NEW YORK: To foreign-exchange traders, the currencies of commodity exporters are all in the same boat — and it’s going down.

The long suffering exchange rates for Australia, Canada and Brazil have become increasingly correlated with each other during the past month, and banks including BNP Paribas, citing an indicator of momentum, and Barclays, noting economic headwinds, say there are more losses to come.

“It’s bearish across the board — we’re negative on all commodity currencies,” said Atul Lele, chief investment officer of Nassau, Bahamas-based Deltec Inter­national Group, describing the declines as a once-in-a-generation move. “The selloff will become more persistent” when the Federal Reserve raises interest rates, said Lele, who manages $2 billion.

Raw-material exporters were the biggest losers in foreign-exchange markets during the third quarter amid supply gluts and concern that slowing global growth will crimp demand.

The Bloomberg Commodity Index, which tracks raw materials including crude oil and copper, slid 14 per cent in the past three months for the biggest drop since 2008. Commodity markets should brace for another shock as the Fed prepares to raise interest rates, Morgan Stanley said in a report.

Nine currencies of commodity-exporting nations are showing a highly significant correlation with each other, according to data compiled by Bloomberg. For example, some of the strongest links are between oil exporters such as Norway, Canada and Mexico, as well as regional neighbours Australia and New Zealand. That means they tend to move in the same direction, and right now, that’s lower.

In just the past two weeks, the Brazilian real and South African rand both plunged to records, while the Norwegian krone and Canadian dollar dropped to levels not seen in more than a decade. The third-quarter slide was the worst in almost four years for a basket of eight currencies tracked by WisdomTree Investments Inc’s Commodity Currency Strategy Fund.

The outlook for raw-material producers deteriorated further after China’s shock devaluation of the yuan in August and the Fed’s decision to hold interest rates near zero on Sept 17 sparked concern about slowing global growth and fuelled demand for refuge assets.

“Commodity currencies will likely continue to face headwinds as these economies wake up to a new reality,” Jose Wynne, head of foreign-exchange research at Barclays, wrote in a note. The bank has a negative outlook for all currencies of resource-exporting nations, particularly Australia and New Zealand, which are projected to depreciate 12pc in the next year against their US counterpart.

Some exchange rates have fallen further and faster than analysts predicted. The Canadian dollar plunged to an 11-year low of C$1.3457 against the greenback on Sept 29, close to the median analyst forecast for the end of this year of C$1.34. That prediction reflects a 16pc downgrade from estimates at the start of the year. The loonie was at C$1.3230 in New York.

The Aussie and New Zealand’s kiwi are also trading near their year-end targets a quarter ahead of schedule.

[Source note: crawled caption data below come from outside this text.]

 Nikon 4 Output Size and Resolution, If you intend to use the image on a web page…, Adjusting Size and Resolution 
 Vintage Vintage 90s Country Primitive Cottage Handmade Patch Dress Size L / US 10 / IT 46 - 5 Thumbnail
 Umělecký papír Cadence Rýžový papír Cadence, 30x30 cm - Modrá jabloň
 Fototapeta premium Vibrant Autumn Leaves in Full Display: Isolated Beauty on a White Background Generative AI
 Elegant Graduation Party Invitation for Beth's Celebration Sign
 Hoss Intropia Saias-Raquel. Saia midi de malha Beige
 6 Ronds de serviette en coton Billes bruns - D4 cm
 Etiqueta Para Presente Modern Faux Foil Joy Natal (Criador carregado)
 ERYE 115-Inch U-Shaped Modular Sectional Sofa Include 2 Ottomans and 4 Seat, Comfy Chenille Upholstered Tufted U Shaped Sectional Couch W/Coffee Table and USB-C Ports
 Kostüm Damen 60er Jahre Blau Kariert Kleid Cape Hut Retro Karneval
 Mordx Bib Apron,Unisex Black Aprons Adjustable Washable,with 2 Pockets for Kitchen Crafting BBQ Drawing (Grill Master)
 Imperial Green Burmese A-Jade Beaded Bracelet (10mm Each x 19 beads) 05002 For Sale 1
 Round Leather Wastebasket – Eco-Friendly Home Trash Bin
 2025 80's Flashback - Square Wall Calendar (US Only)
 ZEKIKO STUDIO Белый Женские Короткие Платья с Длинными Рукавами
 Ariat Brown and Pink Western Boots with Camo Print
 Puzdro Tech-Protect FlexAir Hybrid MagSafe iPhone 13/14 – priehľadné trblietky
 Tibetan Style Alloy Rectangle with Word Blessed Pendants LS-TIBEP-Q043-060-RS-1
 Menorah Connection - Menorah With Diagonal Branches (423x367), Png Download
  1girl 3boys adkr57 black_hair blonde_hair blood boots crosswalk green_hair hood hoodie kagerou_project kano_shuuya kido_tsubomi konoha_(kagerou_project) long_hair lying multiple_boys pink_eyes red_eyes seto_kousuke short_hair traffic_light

Brief rebounds have been posted. The Brazilian real fell to a record low at 4.2478 per US dollar on Sept 24 before it rebounded more than 5pc the same day.

Short-lived rallies aside, BNP Paribas analysts said the negative trend is still intact. Norway’s krone has the most downside momentum, followed by Canada’s dollar, according to the bank’s analysis.

Derivatives indicate Norway’s interest rates may move lower even after the central bank unexpectedly reduced rates on Sept 24. In Canada, the chances of political paralysis after next month’s national election are adding to pressure from the 15pc drop this year in the price of oil, the country’s largest export.

“Bearish momentum remains strong,” James Hellawell, a quantitative strategist at BNP Paribas in London, wrote in a report.